He flung the door open and had to use every bit of restraint he possessed to keep from throwing his arms around Wyatt and hugging the life out of him.
“Come in, come in.” He anxiously took Wyatt by the arm, led him into his office, and shut the door with his foot. “You look good enough to eat.”
Jack claimed Wyatt’s lips, leaving the man breathless. He poured his desperation into the kiss, wanting to climb inside the man and take refuge there for the rest of his days.
When they parted, Wyatt drew in a big breath. “I’m so glad you are back.”
“Don’t leave me,” Jack whispered. “Please, don’t leave me.”
Wyatt placed his hands on each side of Jack’s head. “Look at me.”
Jack did, giving away the tear he’d hoped not to show.
“What’s wrong? Tell me.”
Jack took Wyatt’s hand and led him to the couch. “What’s not wrong. The tour ended badly, and I’ve just learned that my father died.” Jack covered their hands with his free one. “I don’t want to be alone.”
Wyatt held and rocked him as Jack poured his sadness into Wyatt’s wool jacket. He didn’t mention Milo, no need, but he surely wept for him too.
“I’m so sorry about your father. Were you close?”
“Yes,” Jack said, embellishing the truth with that single word.
Wyatt’s tenderness warmed him through. He took it in, reveled in it.
Roderick’s brisk knock startled them both. Jack pulled himself to a full sitting position and wiped his eyes on his sleeve. “Come in,” he shouted, his voice watery.
Roderick brought their dinner in and placed it on the table he’d set up earlier. “If there’s anything else, Mr. Jack, just let me know.”
Jack nodded, not wishing to risk a hitch in his voice.
Familiar smells filled the room, transporting Jack back years to when his mother served the meals to the workers after they came in from the fields.
“Come sit, before it gets cold,” he told Wyatt, who gave him a worried look. “I’ll be fine. You’re here.”
“I hope so.”
They chatted through a dinner of chicken and andouille gumbo, made with the homemade sausage Jack had brought back from Louisiana.

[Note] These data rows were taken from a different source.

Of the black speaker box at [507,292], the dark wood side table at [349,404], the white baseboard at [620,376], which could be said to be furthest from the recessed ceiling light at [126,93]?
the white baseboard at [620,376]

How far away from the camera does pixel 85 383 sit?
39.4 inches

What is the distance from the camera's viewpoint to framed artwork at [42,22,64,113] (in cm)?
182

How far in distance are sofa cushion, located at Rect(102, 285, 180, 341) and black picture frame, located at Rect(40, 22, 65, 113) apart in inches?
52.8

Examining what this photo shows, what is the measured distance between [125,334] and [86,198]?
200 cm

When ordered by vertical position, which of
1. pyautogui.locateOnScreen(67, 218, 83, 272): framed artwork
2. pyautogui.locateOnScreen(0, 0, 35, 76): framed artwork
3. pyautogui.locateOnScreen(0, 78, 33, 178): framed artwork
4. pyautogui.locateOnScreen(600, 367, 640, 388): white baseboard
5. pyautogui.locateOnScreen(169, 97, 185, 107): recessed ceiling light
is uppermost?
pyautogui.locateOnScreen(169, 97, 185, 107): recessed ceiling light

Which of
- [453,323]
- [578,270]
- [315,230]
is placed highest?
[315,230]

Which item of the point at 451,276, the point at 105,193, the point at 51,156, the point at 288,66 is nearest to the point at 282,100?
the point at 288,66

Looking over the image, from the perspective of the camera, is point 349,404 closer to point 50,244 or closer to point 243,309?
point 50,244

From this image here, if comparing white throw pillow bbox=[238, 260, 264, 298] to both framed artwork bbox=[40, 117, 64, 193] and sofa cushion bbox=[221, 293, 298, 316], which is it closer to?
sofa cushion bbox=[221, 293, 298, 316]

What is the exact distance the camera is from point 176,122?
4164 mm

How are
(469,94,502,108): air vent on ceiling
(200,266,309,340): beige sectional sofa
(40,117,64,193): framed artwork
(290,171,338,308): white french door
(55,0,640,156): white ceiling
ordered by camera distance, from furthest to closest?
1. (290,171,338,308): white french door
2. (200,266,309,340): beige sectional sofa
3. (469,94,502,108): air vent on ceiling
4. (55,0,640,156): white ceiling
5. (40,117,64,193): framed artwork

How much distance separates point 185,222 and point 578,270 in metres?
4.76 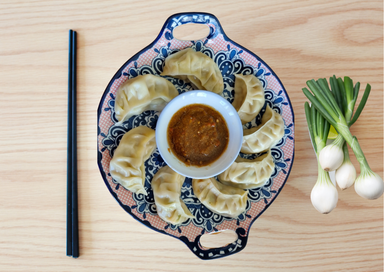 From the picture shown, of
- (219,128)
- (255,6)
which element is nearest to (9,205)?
(219,128)

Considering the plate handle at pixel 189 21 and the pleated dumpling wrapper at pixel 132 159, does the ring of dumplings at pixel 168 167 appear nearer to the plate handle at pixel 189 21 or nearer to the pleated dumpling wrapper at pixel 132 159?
the pleated dumpling wrapper at pixel 132 159

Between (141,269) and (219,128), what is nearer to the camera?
(219,128)

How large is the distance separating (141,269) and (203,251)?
57 cm

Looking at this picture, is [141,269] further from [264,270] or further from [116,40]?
[116,40]

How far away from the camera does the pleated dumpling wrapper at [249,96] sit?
209cm

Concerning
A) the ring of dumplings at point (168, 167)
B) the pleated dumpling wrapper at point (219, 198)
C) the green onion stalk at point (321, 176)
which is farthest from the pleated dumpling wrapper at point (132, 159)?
the green onion stalk at point (321, 176)

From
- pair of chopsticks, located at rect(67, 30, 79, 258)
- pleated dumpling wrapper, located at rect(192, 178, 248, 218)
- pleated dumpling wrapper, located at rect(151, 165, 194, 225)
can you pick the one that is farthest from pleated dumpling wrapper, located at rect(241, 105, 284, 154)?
pair of chopsticks, located at rect(67, 30, 79, 258)

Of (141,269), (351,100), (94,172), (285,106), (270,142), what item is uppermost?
(351,100)

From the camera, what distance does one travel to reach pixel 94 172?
218cm

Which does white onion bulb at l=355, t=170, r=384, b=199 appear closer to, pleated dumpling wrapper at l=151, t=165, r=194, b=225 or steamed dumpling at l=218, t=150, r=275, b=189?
steamed dumpling at l=218, t=150, r=275, b=189

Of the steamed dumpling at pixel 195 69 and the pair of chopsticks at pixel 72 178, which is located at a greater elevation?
the steamed dumpling at pixel 195 69

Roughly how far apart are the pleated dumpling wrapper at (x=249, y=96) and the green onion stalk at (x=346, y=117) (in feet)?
1.13

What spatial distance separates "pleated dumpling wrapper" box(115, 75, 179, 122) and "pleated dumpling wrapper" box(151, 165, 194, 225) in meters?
0.53

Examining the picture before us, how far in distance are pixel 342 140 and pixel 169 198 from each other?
1.35 m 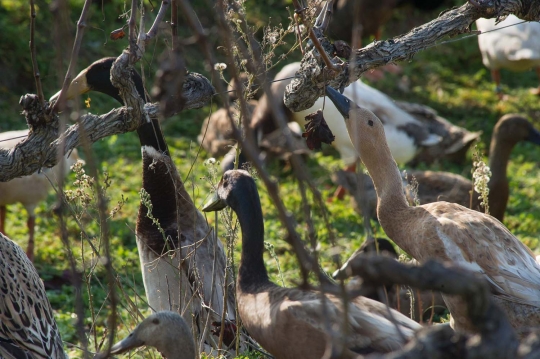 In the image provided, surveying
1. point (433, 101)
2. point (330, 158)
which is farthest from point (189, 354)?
point (433, 101)

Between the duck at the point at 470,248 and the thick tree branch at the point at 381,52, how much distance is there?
0.17 meters

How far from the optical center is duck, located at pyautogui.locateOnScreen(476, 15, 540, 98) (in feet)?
27.9

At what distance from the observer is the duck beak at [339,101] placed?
382cm

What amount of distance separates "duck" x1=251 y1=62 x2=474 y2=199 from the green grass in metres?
0.33

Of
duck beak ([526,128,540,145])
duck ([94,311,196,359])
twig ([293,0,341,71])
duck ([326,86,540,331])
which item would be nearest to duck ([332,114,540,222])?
duck beak ([526,128,540,145])

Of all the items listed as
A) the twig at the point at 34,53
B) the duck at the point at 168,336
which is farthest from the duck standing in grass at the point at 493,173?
the twig at the point at 34,53

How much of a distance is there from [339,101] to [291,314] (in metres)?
1.36

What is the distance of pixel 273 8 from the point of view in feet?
35.3

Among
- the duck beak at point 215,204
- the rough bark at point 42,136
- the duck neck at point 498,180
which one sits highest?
the rough bark at point 42,136

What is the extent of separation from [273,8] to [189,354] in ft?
27.5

To wash it all down, they had an ample supply of Theresa’s cure-all mint iced tea.
“Dig in. It’s the best gumbo you’ll ever eat.”
Wyatt wrinkled his nose, as he pushed the contents around the bowl.
“Is something wrong?”
“Ah, this looks like dirty dishwater.”
“Oh, you city boy. That’s the roux, and it’s delicious. Taste it before you make any hasty judgments.”

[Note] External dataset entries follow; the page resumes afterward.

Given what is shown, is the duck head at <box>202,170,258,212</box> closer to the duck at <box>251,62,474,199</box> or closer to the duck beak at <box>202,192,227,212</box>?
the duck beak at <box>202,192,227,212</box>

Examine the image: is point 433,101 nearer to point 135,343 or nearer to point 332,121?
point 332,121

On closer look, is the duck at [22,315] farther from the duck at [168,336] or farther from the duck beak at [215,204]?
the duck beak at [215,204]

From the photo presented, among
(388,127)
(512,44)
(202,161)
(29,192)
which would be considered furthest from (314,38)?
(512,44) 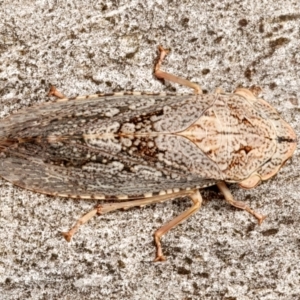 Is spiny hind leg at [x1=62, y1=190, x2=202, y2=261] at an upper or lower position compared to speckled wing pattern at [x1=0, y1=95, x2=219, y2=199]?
lower

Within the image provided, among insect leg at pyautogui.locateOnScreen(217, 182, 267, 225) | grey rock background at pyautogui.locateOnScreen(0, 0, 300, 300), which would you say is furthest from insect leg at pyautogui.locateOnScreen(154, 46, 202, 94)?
insect leg at pyautogui.locateOnScreen(217, 182, 267, 225)

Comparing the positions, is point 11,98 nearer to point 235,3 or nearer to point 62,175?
point 62,175

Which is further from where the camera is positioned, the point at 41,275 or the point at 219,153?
the point at 41,275

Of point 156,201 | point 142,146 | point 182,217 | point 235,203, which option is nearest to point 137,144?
point 142,146

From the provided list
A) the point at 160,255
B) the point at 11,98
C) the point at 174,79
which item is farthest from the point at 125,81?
the point at 160,255

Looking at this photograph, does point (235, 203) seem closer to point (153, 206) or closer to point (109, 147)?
Result: point (153, 206)

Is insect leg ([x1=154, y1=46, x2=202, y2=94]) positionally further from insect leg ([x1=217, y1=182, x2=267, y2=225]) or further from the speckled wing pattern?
insect leg ([x1=217, y1=182, x2=267, y2=225])

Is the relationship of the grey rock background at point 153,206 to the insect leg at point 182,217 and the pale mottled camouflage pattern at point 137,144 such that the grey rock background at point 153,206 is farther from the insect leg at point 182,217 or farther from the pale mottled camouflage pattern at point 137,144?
the pale mottled camouflage pattern at point 137,144

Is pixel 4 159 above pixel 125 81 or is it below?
below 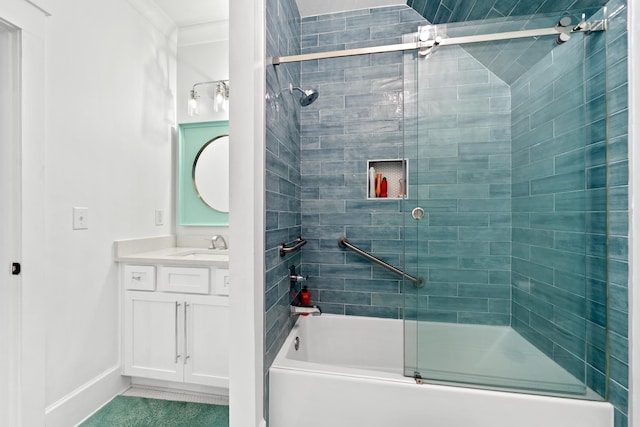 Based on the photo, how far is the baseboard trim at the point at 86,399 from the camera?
1569 millimetres

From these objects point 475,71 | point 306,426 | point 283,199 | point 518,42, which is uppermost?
point 518,42

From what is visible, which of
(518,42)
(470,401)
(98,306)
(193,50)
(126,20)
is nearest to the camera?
(470,401)

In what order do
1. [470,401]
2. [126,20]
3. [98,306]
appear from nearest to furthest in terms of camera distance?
[470,401]
[98,306]
[126,20]

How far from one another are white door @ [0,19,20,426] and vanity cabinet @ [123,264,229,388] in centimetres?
59

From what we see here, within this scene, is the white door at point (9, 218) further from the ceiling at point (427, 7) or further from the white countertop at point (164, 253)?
the ceiling at point (427, 7)

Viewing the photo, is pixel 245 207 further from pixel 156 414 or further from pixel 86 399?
pixel 86 399

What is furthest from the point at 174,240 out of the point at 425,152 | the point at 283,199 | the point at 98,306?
the point at 425,152

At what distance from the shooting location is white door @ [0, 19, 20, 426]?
1.40 m

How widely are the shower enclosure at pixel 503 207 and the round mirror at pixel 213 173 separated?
60.5 inches

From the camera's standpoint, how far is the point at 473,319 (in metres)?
1.39

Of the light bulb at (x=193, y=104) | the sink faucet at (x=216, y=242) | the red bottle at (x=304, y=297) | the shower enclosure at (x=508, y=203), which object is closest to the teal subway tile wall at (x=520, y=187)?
the shower enclosure at (x=508, y=203)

Wyatt took a wary sip from his spoon, then another. His eyes brightened. “My God, I’ve never tasted anything so delicious.”
“I knew you’d like it. I grew up on this stuff. My mama used to tell me I had it running through my veins.”

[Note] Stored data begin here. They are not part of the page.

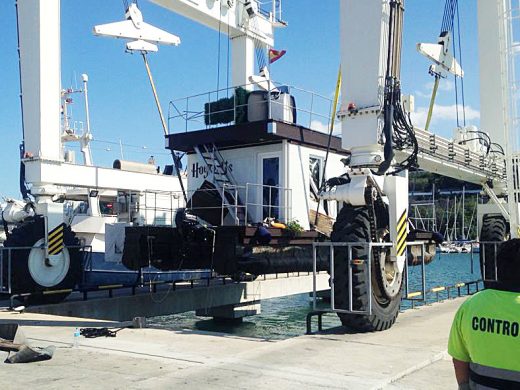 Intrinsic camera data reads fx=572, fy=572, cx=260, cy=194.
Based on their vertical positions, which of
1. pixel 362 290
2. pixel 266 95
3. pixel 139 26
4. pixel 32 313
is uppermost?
pixel 139 26

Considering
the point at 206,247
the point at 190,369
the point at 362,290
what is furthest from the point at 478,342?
the point at 206,247

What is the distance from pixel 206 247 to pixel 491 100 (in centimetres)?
972

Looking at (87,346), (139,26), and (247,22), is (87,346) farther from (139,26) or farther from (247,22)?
(247,22)

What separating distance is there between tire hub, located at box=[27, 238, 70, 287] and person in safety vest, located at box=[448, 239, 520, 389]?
10.9 meters

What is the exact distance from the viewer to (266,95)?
44.3ft

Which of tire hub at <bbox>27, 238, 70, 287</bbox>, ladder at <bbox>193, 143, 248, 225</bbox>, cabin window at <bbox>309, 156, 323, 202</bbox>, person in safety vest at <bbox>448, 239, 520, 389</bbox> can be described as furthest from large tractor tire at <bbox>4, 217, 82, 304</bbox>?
person in safety vest at <bbox>448, 239, 520, 389</bbox>

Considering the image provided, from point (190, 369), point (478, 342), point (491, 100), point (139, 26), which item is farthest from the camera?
point (491, 100)

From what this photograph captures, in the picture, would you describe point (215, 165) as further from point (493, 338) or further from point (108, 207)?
point (108, 207)

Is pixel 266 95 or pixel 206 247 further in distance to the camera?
pixel 266 95

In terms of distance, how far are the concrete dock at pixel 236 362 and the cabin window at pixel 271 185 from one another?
463cm

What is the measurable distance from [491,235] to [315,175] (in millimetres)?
4799

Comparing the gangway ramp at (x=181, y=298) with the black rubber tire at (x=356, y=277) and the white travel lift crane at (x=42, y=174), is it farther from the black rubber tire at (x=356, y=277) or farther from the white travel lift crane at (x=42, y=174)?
the black rubber tire at (x=356, y=277)

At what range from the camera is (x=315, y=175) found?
14.2m

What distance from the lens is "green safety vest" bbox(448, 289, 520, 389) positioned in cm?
266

“It’s different, I’ll give you that.”
“Good different, though right?”
Another mouthful and a nod.
When they finished eating, Roderick cleared the room and said he and Theresa were retiring for the evening.
“Good night and please thank Theresa for a wonderful homecoming meal.”
“That I will. She’ll be glad to hear it.”
When Roderick closed the door, Jack asked, “Would you like a glass of wine?”
“That sounds great.”
Jack wanted to lick Wyatt’s smile, and a few other things, but chose to sit at one end of the couch, his leg crooked and his body turned to face Wyatt. “I’m sorry for my behavior earlier. So much has happened these last few days, then to hear of my father’s death, it all kind of got the best of me.”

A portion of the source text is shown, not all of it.